On the one hand, 2015 was a really tough year for Energy Transfer Partners (NYSE:ETP), which is evident by the fact that its units ended the year down 48.6%. Having said that, it was a very transformative year for the company, which put it in the position to have a very strong year in 2016. Because of this it is not beyond the realm of possibilities that the company could rebound above its all-time high of around $67.50, which it set at the end of 2014. Here's what has to happen for the company to have its best year yet.

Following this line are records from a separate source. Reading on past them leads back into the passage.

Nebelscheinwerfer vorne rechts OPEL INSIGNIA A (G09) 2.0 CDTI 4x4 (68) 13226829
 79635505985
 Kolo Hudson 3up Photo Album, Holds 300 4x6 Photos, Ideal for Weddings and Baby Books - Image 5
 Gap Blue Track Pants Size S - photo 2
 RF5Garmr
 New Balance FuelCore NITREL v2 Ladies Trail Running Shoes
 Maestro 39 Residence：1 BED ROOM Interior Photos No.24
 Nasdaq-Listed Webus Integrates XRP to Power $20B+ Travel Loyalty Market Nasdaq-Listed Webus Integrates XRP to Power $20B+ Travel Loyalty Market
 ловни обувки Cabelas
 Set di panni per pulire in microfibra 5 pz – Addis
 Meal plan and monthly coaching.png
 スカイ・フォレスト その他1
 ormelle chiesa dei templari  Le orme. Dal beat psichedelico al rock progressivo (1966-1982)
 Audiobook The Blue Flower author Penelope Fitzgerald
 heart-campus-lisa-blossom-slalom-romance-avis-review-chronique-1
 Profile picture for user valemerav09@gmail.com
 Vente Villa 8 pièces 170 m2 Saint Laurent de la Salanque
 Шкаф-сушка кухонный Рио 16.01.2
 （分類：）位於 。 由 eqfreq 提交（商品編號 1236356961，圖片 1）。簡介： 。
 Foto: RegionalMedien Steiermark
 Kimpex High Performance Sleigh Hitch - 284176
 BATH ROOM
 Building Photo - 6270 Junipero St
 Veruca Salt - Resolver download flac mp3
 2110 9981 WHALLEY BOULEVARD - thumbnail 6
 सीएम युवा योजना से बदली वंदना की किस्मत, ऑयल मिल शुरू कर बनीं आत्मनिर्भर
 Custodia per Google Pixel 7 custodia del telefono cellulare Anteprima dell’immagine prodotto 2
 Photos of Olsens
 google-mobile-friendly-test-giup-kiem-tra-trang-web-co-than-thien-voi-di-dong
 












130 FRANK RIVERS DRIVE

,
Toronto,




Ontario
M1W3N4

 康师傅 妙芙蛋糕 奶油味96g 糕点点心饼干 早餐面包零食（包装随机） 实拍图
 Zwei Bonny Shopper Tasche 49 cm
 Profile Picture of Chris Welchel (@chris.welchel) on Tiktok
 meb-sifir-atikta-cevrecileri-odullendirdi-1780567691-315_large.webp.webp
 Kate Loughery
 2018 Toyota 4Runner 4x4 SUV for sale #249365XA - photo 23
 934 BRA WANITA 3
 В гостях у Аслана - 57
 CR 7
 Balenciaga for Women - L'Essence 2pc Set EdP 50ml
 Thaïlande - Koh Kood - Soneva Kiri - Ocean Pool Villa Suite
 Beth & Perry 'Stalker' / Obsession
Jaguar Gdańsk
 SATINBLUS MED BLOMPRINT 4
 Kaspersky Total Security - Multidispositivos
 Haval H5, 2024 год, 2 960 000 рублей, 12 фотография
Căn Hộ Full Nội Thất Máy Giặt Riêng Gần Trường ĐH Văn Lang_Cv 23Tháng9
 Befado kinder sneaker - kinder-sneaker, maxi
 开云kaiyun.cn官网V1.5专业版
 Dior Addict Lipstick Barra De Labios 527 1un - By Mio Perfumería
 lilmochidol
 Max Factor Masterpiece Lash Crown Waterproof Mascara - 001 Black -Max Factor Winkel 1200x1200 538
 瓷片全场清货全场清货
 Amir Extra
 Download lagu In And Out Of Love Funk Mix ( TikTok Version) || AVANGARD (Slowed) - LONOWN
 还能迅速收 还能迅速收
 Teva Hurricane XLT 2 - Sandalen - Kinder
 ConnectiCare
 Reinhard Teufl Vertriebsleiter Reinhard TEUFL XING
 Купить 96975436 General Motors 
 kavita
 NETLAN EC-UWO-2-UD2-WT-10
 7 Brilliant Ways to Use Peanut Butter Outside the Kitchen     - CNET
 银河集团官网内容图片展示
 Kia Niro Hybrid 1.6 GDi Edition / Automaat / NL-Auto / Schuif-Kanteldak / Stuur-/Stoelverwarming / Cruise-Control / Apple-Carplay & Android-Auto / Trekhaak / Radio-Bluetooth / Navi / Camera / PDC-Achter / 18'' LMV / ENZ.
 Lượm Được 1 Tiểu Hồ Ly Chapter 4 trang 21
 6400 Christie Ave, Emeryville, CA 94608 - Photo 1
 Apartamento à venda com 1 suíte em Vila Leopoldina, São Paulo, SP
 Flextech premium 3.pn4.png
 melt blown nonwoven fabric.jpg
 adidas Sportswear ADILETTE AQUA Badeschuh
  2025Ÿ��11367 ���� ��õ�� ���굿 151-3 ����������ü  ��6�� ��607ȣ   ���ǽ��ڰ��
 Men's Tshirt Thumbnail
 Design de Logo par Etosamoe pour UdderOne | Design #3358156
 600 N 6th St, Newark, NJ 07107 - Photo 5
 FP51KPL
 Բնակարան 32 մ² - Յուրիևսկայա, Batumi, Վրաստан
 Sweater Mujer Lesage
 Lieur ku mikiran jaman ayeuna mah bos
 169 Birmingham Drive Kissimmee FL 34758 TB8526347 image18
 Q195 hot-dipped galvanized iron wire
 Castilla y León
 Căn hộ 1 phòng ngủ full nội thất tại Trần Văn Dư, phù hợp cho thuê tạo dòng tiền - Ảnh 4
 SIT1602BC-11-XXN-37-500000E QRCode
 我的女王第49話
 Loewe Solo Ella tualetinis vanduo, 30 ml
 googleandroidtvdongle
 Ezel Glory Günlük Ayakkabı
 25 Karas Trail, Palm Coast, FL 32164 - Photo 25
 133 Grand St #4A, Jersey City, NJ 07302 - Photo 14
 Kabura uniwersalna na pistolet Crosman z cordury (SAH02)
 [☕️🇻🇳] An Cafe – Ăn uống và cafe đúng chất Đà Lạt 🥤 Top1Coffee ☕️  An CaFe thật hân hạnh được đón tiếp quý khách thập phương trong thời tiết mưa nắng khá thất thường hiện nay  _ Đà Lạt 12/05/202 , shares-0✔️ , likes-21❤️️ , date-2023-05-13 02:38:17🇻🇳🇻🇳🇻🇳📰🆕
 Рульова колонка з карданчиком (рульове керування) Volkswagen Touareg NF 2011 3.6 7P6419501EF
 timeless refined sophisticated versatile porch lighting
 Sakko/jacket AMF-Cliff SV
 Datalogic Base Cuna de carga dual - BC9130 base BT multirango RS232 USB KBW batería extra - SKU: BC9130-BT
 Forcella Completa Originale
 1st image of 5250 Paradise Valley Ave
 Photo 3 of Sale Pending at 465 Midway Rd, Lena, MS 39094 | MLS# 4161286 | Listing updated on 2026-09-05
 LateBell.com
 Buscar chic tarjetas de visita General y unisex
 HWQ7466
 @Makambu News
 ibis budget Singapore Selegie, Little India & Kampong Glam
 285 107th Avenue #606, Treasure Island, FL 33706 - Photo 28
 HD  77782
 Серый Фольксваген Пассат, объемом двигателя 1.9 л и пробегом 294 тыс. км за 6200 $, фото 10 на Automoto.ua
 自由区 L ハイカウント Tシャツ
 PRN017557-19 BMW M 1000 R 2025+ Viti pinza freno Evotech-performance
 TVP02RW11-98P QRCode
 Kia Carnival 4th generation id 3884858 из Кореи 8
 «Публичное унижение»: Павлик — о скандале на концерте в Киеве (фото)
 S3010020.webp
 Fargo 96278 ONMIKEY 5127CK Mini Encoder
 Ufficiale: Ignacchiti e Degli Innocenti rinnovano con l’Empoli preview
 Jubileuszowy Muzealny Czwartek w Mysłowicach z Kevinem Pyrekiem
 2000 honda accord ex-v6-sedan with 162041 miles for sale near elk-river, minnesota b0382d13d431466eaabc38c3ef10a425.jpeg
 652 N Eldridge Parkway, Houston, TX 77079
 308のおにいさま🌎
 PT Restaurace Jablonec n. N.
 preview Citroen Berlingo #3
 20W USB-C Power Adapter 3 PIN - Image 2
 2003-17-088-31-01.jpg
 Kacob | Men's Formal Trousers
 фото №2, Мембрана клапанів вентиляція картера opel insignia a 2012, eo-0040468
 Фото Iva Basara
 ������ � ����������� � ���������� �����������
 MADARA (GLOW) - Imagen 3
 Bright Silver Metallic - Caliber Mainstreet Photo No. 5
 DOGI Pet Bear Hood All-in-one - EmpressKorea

Finish the transformation it began in 2015
Energy Transfer Partners started 2015 with a transformative deal to acquire affiliated MLP Regency Energy Partners in an $18 billion unit-for-unit transaction. When announced, the deal was expected to be break-even to distributable cash flow in 2015 and accretive thereafter, suggesting that 2016 is the year that Energy Transfer Partners would see the transaction begin to pay dividends.
In addition to that deal, Energy Transfer Partners also dropped down its fuel distribution and retail marketing assets to Sunoco LP (NYSE:SUN) in three separate transactions. In doing so it picked up enough cash so that it now only has a modest amount of equity funding still left to source so that it can fund its 2016 capital program. That's significant considering how far the company's equity value has fallen this year. It is also worth noting that those transactions brought with them a meaningful equity stake in Sunoco, which Energy Transfer Partners can sell down to raise the equity capital it needs. Further, Energy Transfer Partners also traded its ownership interests in Sunoco's general partner to its own general partner in exchange for its units that were owned by the general partner. This exchange was akin to buying back 5% of its outstanding units, which strengthened its distribution coverage ratio.
While those transactions were a big leap forward, in order for Energy Transfer Partners to complete its transformation to a pure-play midstream MLP it still has a few assets that it needs sell. Topping that list are the general partner and incentive distribution rights of Sunoco Logistics Partners (NYSE:SXL) that it still owns. Trading these assets to its own general partner, which is in the process of transforming into a pure-play general partner, would net the company cash, more of its own units, or cash flowing MLP-type assets. In addition to that it still owns a substantial amount of Sunoco LP's units, which could be sold on the open market or to its own general partner, which would be a better owner of those units. Further, it owns a 33% non-operated interest in a refining joint venture, an entity that owns and operates coal handling facilities, and natural gas marketing and compression operations that could also be sold. Selling or trading these assets would bring in cash that the company can use to fund growth, pay down debt or repurchase its own discounted units.
Fix its midstream operations
Another thing that the company needs to address this year is its midstream segment, which noticeably weakened in the third-quarter. That weakness was due to the company's non fee-based contracts and processing gross margin, which fell from $187 million in the third-quarter of last year to just $67 million last quarter. That's in stark contrast to the fee-based revenue it collected from gathering and processing, which jumped from $352 million to $400 million thanks to new assets being placed into service. What the company needs to do here is to switch more of its contracts to fixed-fee contracts, which would further mute its exposure to commodity price volatility.
The downturn in the energy sector really weighed on Energy Transfer Partners last year. If that sector can meaningfully rebound next year, that should take Energy Transfer Partners' unit price up with it. In addition to that the company could help its own cause by completing its transformation to a pure-play MLP and fixing the weak link in its midstream business. If all these factors come together then it's certainly possible that the unit price could more than double and recapture its former glory.